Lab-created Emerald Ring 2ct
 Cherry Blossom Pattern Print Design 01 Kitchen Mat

---

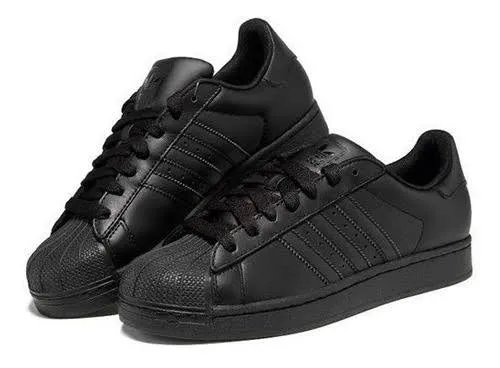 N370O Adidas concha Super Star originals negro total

--

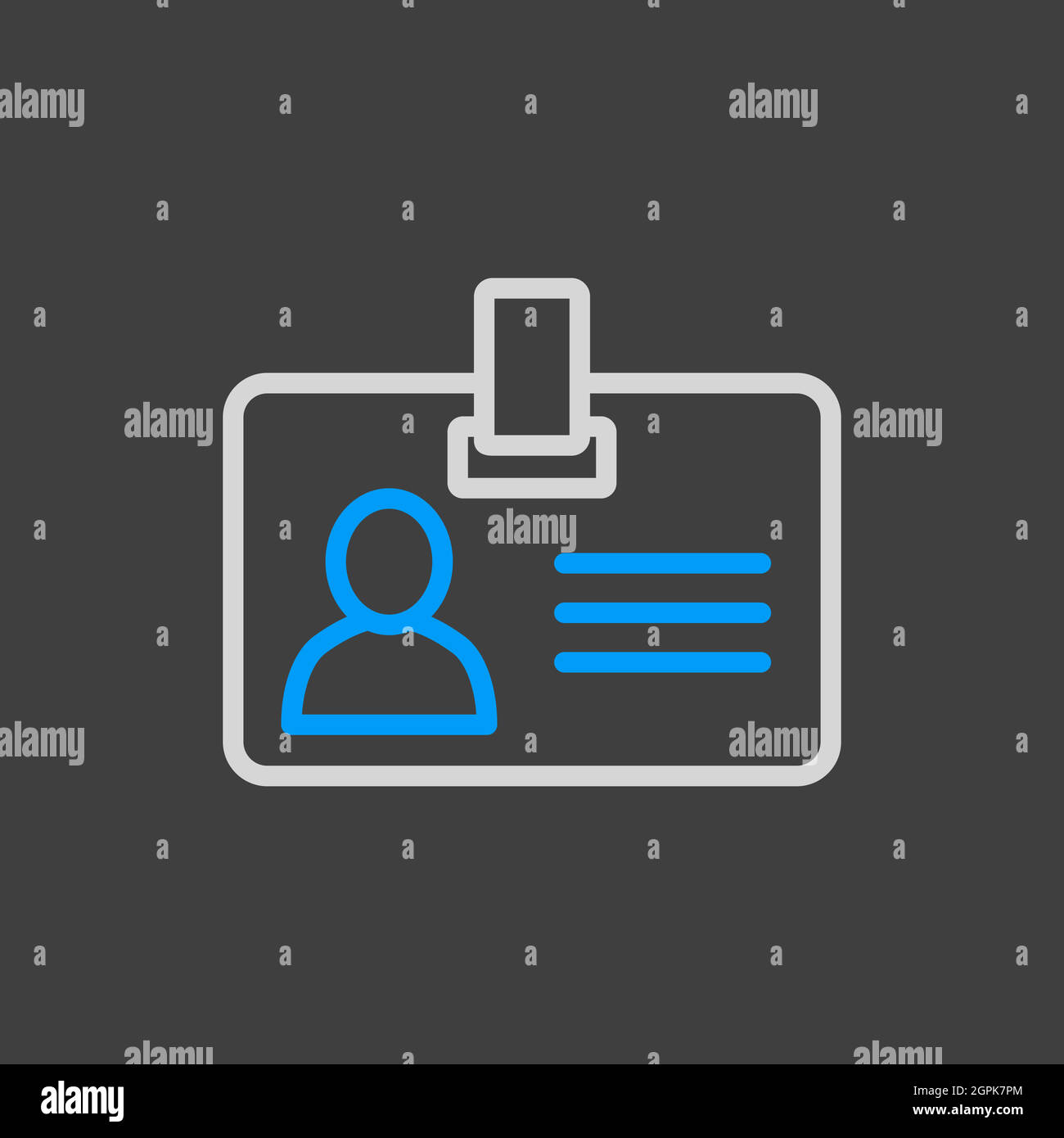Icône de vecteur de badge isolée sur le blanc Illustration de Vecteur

**Exercise aim:** Set down again, word for word, the stretch of records from the line with "Lab-created Emerald Ring 2ct" to the line with "Cherry Blossom Pattern", both of those lines included.

**Your solution:**
Lab-created Emerald Ring 2ct
 Cherry Blossom Pattern Print Design 01 Kitchen Mat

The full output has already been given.